Co innego gdyby każda z kamer znajdowała się w innej odległości od obiektu - ale powtarzam, NIE ma szans, żeby powiększenie wyglądało tak jak to zostało pokazane w "Endgame".
przede wszystkim, czlowiek to nie maszyna, czlowiek nie da rady zakodowac obrazu tak jak robi to komputer, tak samo nie da rady go odkodowac, wiec porownanie z szepczacymi ludzmi jest akurat bez sensu. ale jesli chcesz dobre porownanie - wiele anten radiowych jest w stanie odebrac duzo slabszy sygnal niz kazda z nich pojedynczo. to o to mi chodzi.
no i cóż da sfilmowanie twarzy pod innym kątem?? A składowe będą się mieściły dalej w przedziale wartości niskoczęstotliwościowych
da duzo bo to nie sa czestotliwosci fali swietlnej tylko wyimaginowane czestotliwosci, dlatego ich suma po odpowiednim przetworzeniu moze spokojnie dac rowniez inne czestotliwosci.
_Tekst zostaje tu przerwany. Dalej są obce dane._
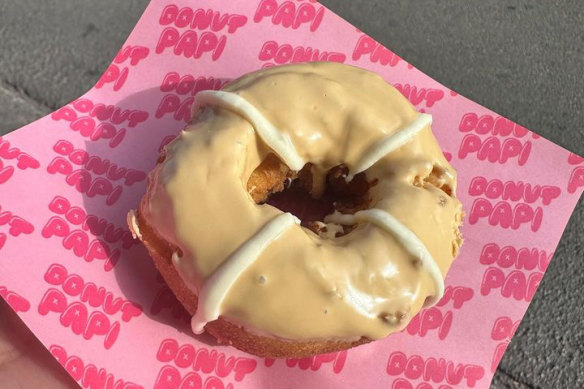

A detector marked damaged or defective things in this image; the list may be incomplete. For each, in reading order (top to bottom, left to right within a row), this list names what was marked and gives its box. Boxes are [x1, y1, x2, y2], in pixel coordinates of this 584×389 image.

crack in pavement [0, 78, 54, 114]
Zgadza się - zrobisz masę pomiarów, i uzyskasz obraz zawierający niskie częstotliwości tyle, że pozbawione szumu (najlepiej gdyby liczba obrazów dążyła do nieskończonośc, nieprawdaż?i). Nie przekroczysz w ten sposób praw fizyki - wyższe składowe nie wezmą się "z powietrza".
to nie sa prawa fizyki - chyba ze piszesz o czestotliwosciach fali swietlnej. w takim przypadku piszesz bzdury, bo to nie te czestotliwosci sa obcinane. jesli natomiast piszesz o czestotliwosciach wynikajacych z kwantyzacji obrazu, to musisz zdawac sobie sprawe z tego, ze powstaja one za pomoca pewnego przeksztalcenia i z tymi fizycznymi maja niewiele wspolnego. zapewne wiesz rownie, ze wystarczy przesunac kamere w bok o kilka centymetrow zeby juz zupelnie inne skladowe byly zakodowane. tak samo dwa zsumowane obrazy moga dac wyzsze czestotliwosci niz kazdy z nich osobno, wlasnie dlatego ze nie sa to wielkosci fizyczne.
Co do potocznie pojmowanej "logiki"; w większości zagadnień rozumowanie na "zdrowy chłopski rozum" okazuje się całkowicie niezgodne z rzeczywistością.
wiec ok, nie na chlopski rozum, lecz z praw statystyki: czym wiecej zrobisz pomiarow tym wieksza dokladnosc uzyskasz. jesli sie nie zgadzasz - akapit wyzej jest wytlumaczenie.
My jsme Borgove. Budete asimilovani. Odpor je marny.